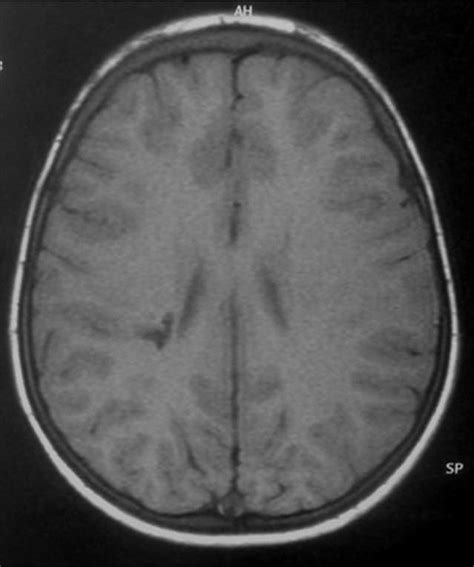 Axial Spin Echo T1 Magnetic Resonance Imaging Showing A Right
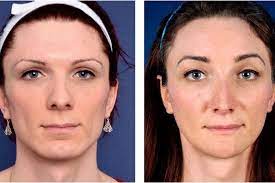 Different Approaches to Facial Feminization Surgery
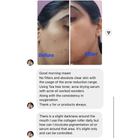 Before and After image of using collagen cream in HOB India - Old Product Image 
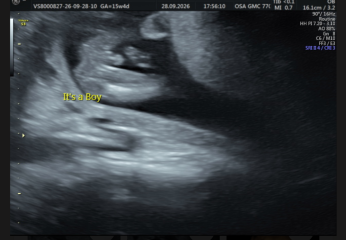 Boy or umbilical cord?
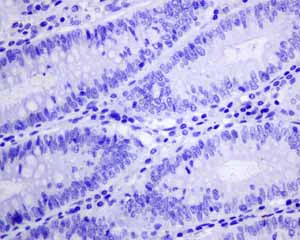 Immunohistochemistry (Formalin/PFA-fixed paraffin-embedded sections) - Anti-GABA A Receptor alpha 1 antibody [EPR5401(2)] (AB151573)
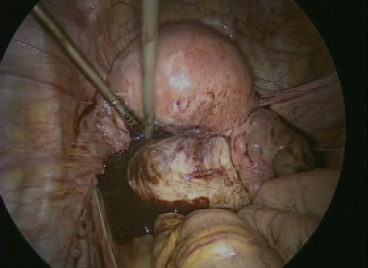 TLM 全腹腔鏡下子宮筋腫核出術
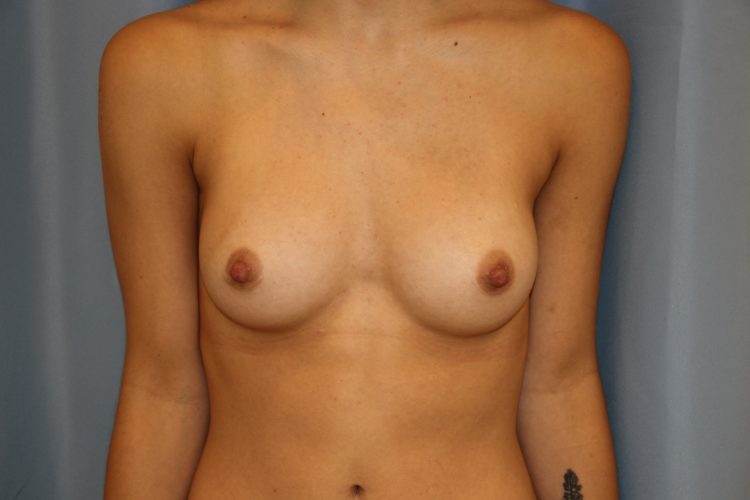 Breast Augmentation Before and After 54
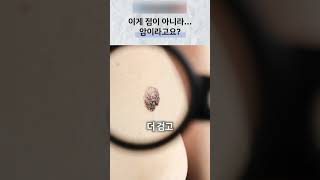 점처럼 보이는 피부암, 변화가 있다면 진단이 먼저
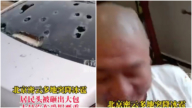 最高13級大風襲北京 多地冰雹 民眾頭被砸出大包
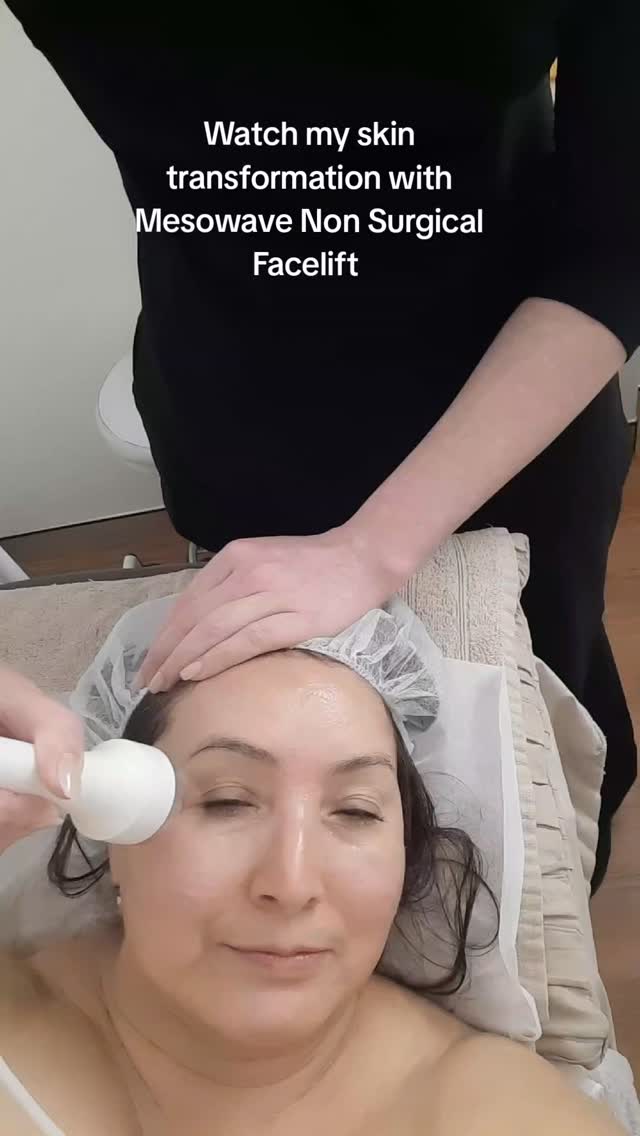 Did you know ?
As we grow older our skin firmness & texture changes due to loosing collagen production and other important nutrients in our body ( a post for another day)
Our Mesowave Non Surgical Facelifts, a combination of Laser, Microcurrent & Ultrasound? are specifically designed to help infused special Vitamins /serums into the deeper Dermis.
Together, they generate tiny little movements that trick the facial muscles & boosting collagen and elastin production at the same time 🥰
Watch the eye area muscles contracting
(like a gym workout for your facial muscles) during the process👀
Learn more about Mesowave by reading our blog on website!
@beautyblitzonqueen
.
.
#skincaretips
#nonsurgicalfacials
#antiageing
#advancedfacials
#skintherapistlogan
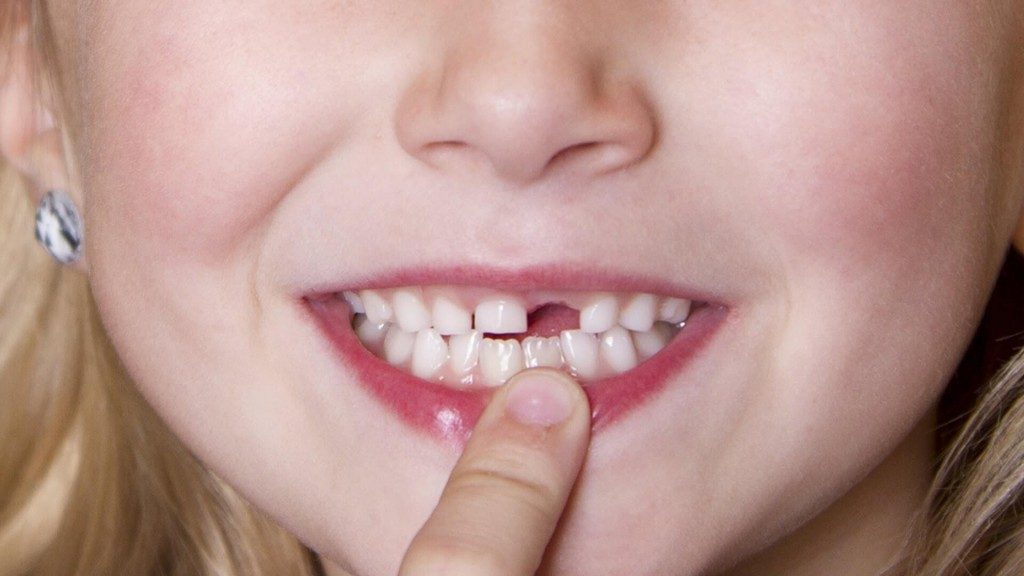 Cắm Implant răng cửa như thế nào? 1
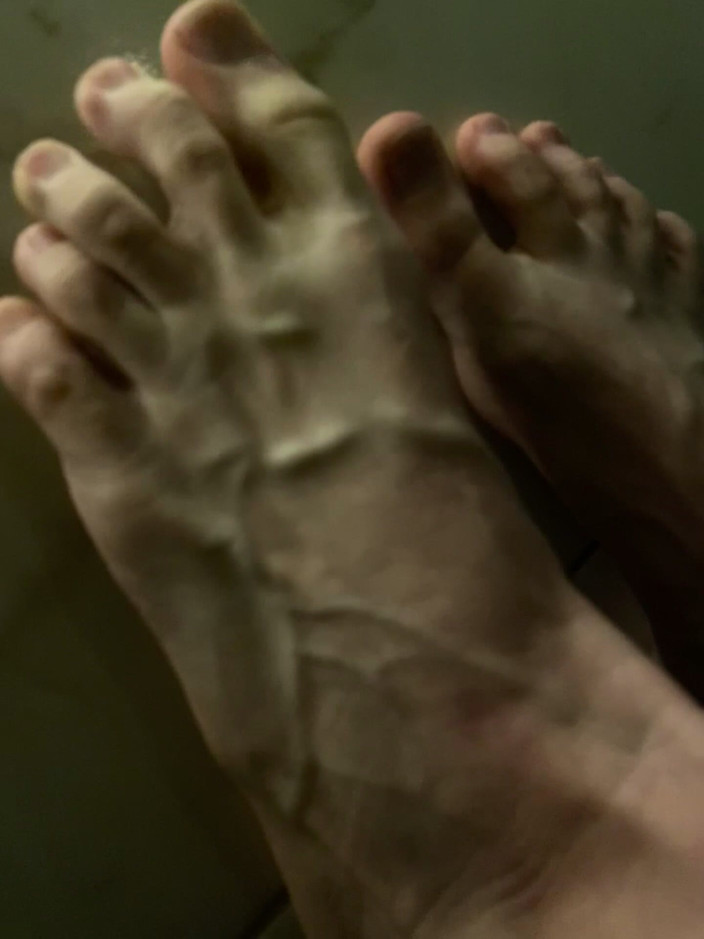 Princess Aisha: So Swollen Veins on the Feet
++++++++
*Exercise:*
Every line from the one containing "#antiageing" through the end of the entries above is to be copied exactly; pictures are to be left out.

*Response:*
#antiageing
#advancedfacials
#skintherapistlogan
 Cắm Implant răng cửa như thế nào? 1
 Princess Aisha: So Swollen Veins on the Feet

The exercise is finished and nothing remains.